▶ **What needs to be done**
Would you copy the lines below exactly and omit the images?

▶ **Material provided**
'''

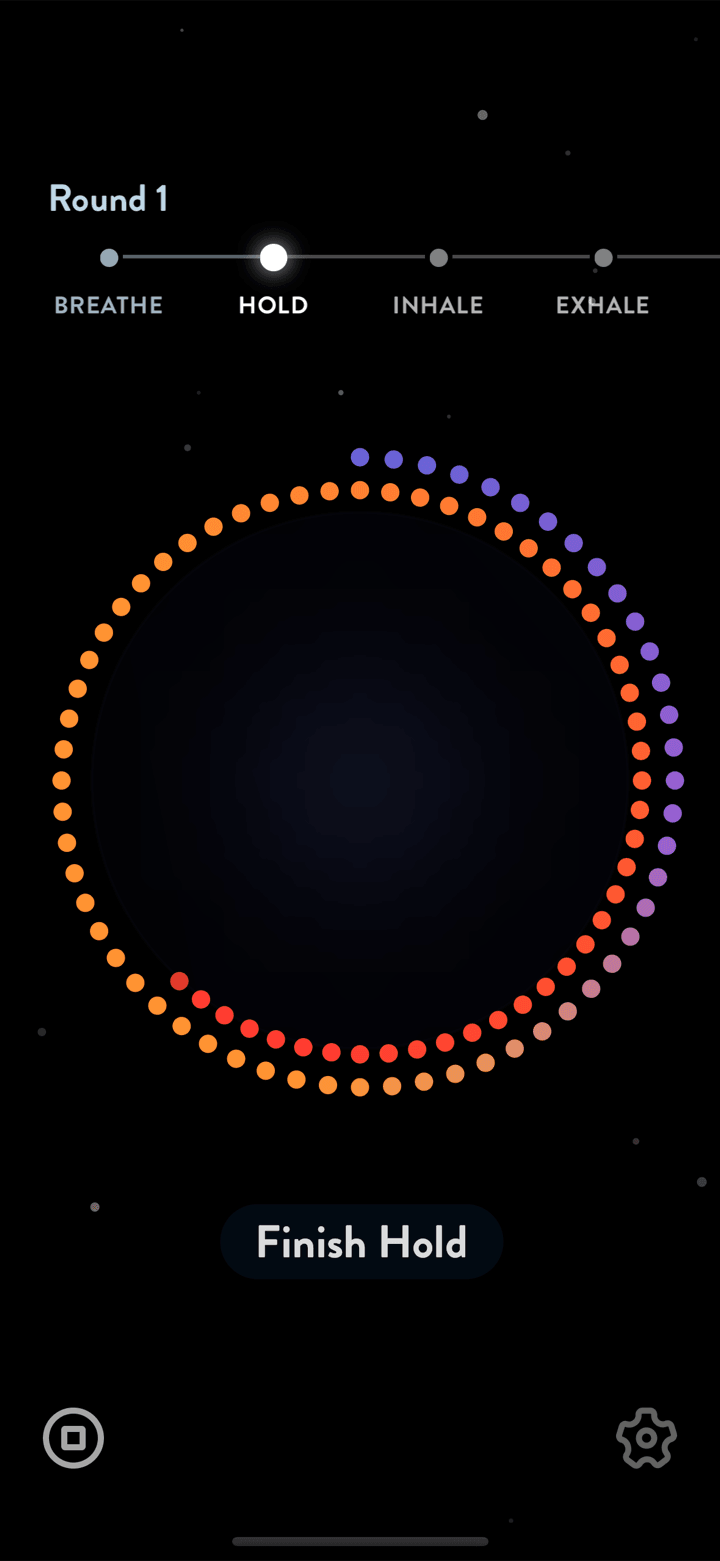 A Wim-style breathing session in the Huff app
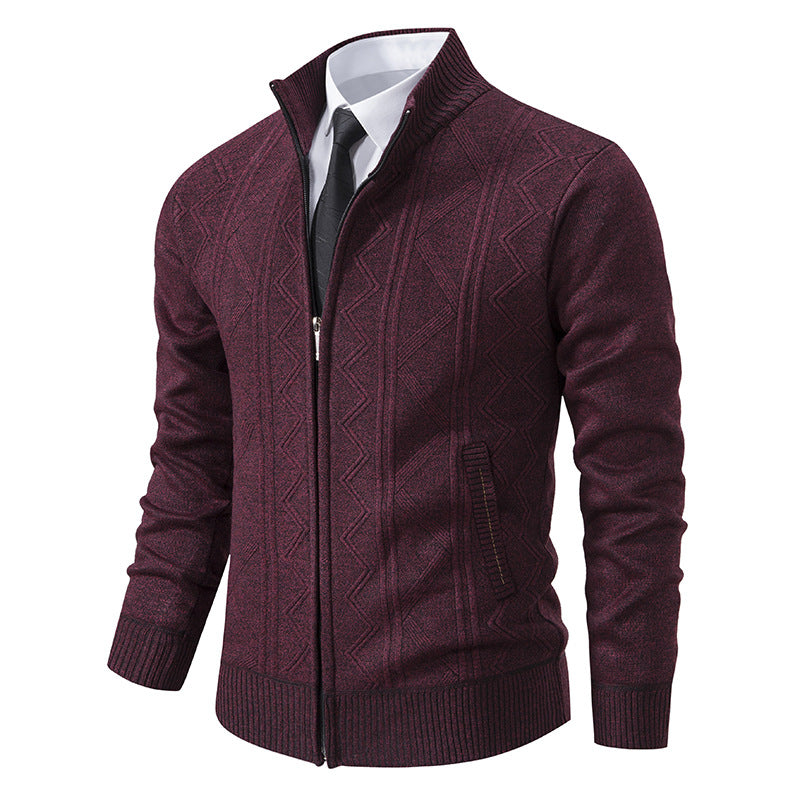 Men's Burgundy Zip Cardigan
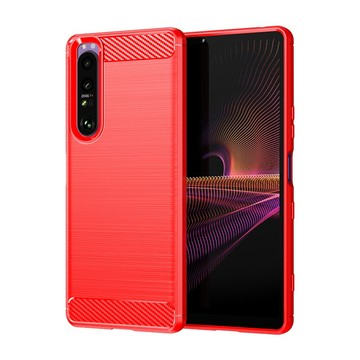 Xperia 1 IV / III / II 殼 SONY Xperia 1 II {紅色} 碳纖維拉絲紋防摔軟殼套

'''

▶ **Answer below**
 A Wim-style breathing session in the Huff app
 Men's Burgundy Zip Cardigan
 Xperia 1 IV / III / II 殼 SONY Xperia 1 II {紅色} 碳纖維拉絲紋防摔軟殼套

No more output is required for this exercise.